John Tuyen

Adventures of Functional Mediocrity

10 Jun 24

Microsoft Recall Response to Criticism

Update on the Recall preview feature for Copilot+ PCs

Previous commentary:

First, we are updating the set-up experience of Copilot+ PCs to give people a clearer choice to opt-in to saving snapshots using Recall. If you don’t proactively choose to turn it on, it will be off by default.

Second, Windows Hello enrollment is required to enable Recall. In addition, proof of presence is also required to view your timeline and search in Recall.

Recall snapshots will only be decrypted and accessible when the user authenticates. In addition, we encrypted the search index database.

Copilot+ PCs will launch with “just in time” decryption protected by Windows Hello Enhanced Sign-in Security (ESS), so Recall snapshots will only be decrypted and accessible when the user authenticates. This gives an additional layer of protection to Recall data in addition to other default enabled Window Security features like SmartScreen and Defender which use advanced AI techniques to help prevent malware from accessing data like Recall.
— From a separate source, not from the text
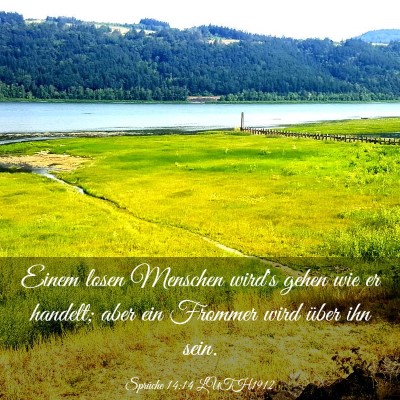 Picture 03 - Sprüche 14:14 LUTH1912 - Einem losen Menschen wird's gehen wie er handelt; - Bible Verse Picture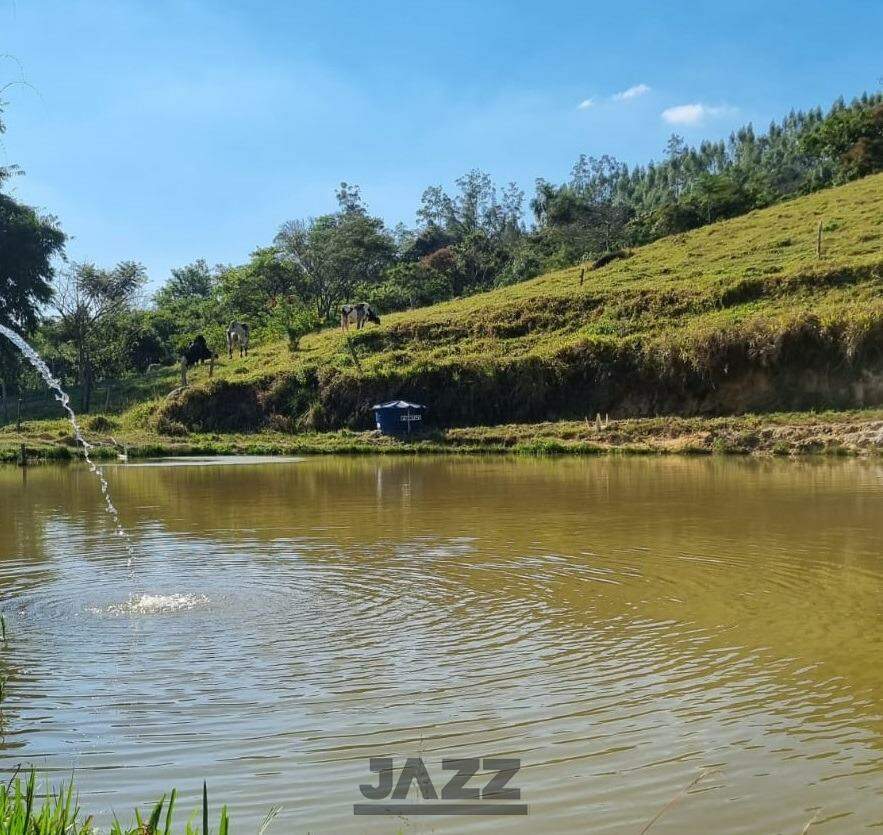 Fazenda à venda com 5 quartos, 350m² - Foto 12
Overall, decent response to address the critics about the security concerns. On the technical side of things, Windows Hello and ESS is a good choice and so far there aren't any known attack vectors but it's not fully bulletproof due to hardware vendors not complying with the SDCP standard.

Lastly, with all this conundrum around privacy concerns, Microsoft should release a Windows version without all this Copilot AI bloatware. Although, I doubt this would happen considering the value it may bring to both parties. Similar to Windows 10/11, power users are going to be running mandatory bloatware removal scripts when starting fresh but even then there is no guarantee that it won't be enabled in the future updates.